* _Instructions to follow_
Start to finish, the listing must be rewritten exactly.

* _Material shown_
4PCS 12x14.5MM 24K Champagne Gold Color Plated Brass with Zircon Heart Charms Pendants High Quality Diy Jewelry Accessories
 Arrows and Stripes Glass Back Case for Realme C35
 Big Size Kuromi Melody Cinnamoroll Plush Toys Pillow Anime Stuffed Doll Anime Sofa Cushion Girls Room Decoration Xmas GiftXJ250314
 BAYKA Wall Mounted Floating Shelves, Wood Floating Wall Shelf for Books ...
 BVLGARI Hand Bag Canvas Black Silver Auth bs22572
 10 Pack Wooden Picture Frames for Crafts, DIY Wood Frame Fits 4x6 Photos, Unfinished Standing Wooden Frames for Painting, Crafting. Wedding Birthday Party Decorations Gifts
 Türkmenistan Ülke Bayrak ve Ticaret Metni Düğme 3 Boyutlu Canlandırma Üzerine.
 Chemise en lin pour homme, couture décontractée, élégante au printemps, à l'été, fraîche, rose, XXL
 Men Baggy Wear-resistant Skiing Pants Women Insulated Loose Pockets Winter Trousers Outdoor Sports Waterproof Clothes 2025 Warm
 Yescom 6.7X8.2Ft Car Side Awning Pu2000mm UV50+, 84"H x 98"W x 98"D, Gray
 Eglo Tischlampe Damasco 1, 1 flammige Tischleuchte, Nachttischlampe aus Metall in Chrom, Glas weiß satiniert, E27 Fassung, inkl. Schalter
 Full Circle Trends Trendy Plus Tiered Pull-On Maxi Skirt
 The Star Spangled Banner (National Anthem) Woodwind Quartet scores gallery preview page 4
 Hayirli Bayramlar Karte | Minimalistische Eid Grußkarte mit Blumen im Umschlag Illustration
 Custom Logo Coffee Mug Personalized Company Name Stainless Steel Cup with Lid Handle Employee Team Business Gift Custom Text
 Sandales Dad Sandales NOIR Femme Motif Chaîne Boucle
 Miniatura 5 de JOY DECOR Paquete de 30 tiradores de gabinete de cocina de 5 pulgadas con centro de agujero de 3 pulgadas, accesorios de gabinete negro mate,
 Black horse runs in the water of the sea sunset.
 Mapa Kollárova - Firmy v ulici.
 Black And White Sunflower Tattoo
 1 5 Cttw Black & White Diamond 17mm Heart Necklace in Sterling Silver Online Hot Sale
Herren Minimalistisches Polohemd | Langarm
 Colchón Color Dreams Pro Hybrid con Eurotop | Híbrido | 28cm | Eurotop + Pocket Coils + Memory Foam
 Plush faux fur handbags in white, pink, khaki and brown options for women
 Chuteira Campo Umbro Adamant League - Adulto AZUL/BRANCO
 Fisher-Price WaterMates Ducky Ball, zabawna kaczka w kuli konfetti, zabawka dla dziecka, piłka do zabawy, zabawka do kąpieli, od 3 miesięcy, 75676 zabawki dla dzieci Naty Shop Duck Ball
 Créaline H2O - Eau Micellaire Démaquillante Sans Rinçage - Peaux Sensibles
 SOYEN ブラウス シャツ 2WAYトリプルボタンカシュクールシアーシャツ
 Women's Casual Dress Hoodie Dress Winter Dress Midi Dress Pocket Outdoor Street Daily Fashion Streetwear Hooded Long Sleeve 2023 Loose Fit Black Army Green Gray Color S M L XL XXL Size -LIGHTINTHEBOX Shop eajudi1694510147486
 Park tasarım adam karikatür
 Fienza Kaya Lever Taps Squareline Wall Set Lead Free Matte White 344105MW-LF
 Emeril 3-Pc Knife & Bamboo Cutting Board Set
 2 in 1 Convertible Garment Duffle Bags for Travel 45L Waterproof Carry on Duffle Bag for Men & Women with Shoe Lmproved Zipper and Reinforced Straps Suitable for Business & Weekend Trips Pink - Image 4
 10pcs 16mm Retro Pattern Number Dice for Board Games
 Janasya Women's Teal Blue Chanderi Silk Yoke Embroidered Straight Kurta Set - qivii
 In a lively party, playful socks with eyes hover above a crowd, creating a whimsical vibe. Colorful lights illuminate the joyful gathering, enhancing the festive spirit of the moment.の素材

* _Solved exercise_
4PCS 12x14.5MM 24K Champagne Gold Color Plated Brass with Zircon Heart Charms Pendants High Quality Diy Jewelry Accessories
 Arrows and Stripes Glass Back Case for Realme C35
 Big Size Kuromi Melody Cinnamoroll Plush Toys Pillow Anime Stuffed Doll Anime Sofa Cushion Girls Room Decoration Xmas GiftXJ250314
 BAYKA Wall Mounted Floating Shelves, Wood Floating Wall Shelf for Books ...
 BVLGARI Hand Bag Canvas Black Silver Auth bs22572
 10 Pack Wooden Picture Frames for Crafts, DIY Wood Frame Fits 4x6 Photos, Unfinished Standing Wooden Frames for Painting, Crafting. Wedding Birthday Party Decorations Gifts
 Türkmenistan Ülke Bayrak ve Ticaret Metni Düğme 3 Boyutlu Canlandırma Üzerine.
 Chemise en lin pour homme, couture décontractée, élégante au printemps, à l'été, fraîche, rose, XXL
 Men Baggy Wear-resistant Skiing Pants Women Insulated Loose Pockets Winter Trousers Outdoor Sports Waterproof Clothes 2025 Warm
 Yescom 6.7X8.2Ft Car Side Awning Pu2000mm UV50+, 84"H x 98"W x 98"D, Gray
 Eglo Tischlampe Damasco 1, 1 flammige Tischleuchte, Nachttischlampe aus Metall in Chrom, Glas weiß satiniert, E27 Fassung, inkl. Schalter
 Full Circle Trends Trendy Plus Tiered Pull-On Maxi Skirt
 The Star Spangled Banner (National Anthem) Woodwind Quartet scores gallery preview page 4
 Hayirli Bayramlar Karte | Minimalistische Eid Grußkarte mit Blumen im Umschlag Illustration
 Custom Logo Coffee Mug Personalized Company Name Stainless Steel Cup with Lid Handle Employee Team Business Gift Custom Text
 Sandales Dad Sandales NOIR Femme Motif Chaîne Boucle
 Miniatura 5 de JOY DECOR Paquete de 30 tiradores de gabinete de cocina de 5 pulgadas con centro de agujero de 3 pulgadas, accesorios de gabinete negro mate,
 Black horse runs in the water of the sea sunset.
 Mapa Kollárova - Firmy v ulici.
 Black And White Sunflower Tattoo
 1 5 Cttw Black & White Diamond 17mm Heart Necklace in Sterling Silver Online Hot Sale
Herren Minimalistisches Polohemd | Langarm
 Colchón Color Dreams Pro Hybrid con Eurotop | Híbrido | 28cm | Eurotop + Pocket Coils + Memory Foam
 Plush faux fur handbags in white, pink, khaki and brown options for women
 Chuteira Campo Umbro Adamant League - Adulto AZUL/BRANCO
 Fisher-Price WaterMates Ducky Ball, zabawna kaczka w kuli konfetti, zabawka dla dziecka, piłka do zabawy, zabawka do kąpieli, od 3 miesięcy, 75676 zabawki dla dzieci Naty Shop Duck Ball
 Créaline H2O - Eau Micellaire Démaquillante Sans Rinçage - Peaux Sensibles
 SOYEN ブラウス シャツ 2WAYトリプルボタンカシュクールシアーシャツ
 Women's Casual Dress Hoodie Dress Winter Dress Midi Dress Pocket Outdoor Street Daily Fashion Streetwear Hooded Long Sleeve 2023 Loose Fit Black Army Green Gray Color S M L XL XXL Size -LIGHTINTHEBOX Shop eajudi1694510147486
 Park tasarım adam karikatür
 Fienza Kaya Lever Taps Squareline Wall Set Lead Free Matte White 344105MW-LF
 Emeril 3-Pc Knife & Bamboo Cutting Board Set
 2 in 1 Convertible Garment Duffle Bags for Travel 45L Waterproof Carry on Duffle Bag for Men & Women with Shoe Lmproved Zipper and Reinforced Straps Suitable for Business & Weekend Trips Pink - Image 4
 10pcs 16mm Retro Pattern Number Dice for Board Games
 Janasya Women's Teal Blue Chanderi Silk Yoke Embroidered Straight Kurta Set - qivii
 In a lively party, playful socks with eyes hover above a crowd, creating a whimsical vibe. Colorful lights illuminate the joyful gathering, enhancing the festive spirit of the moment.の素材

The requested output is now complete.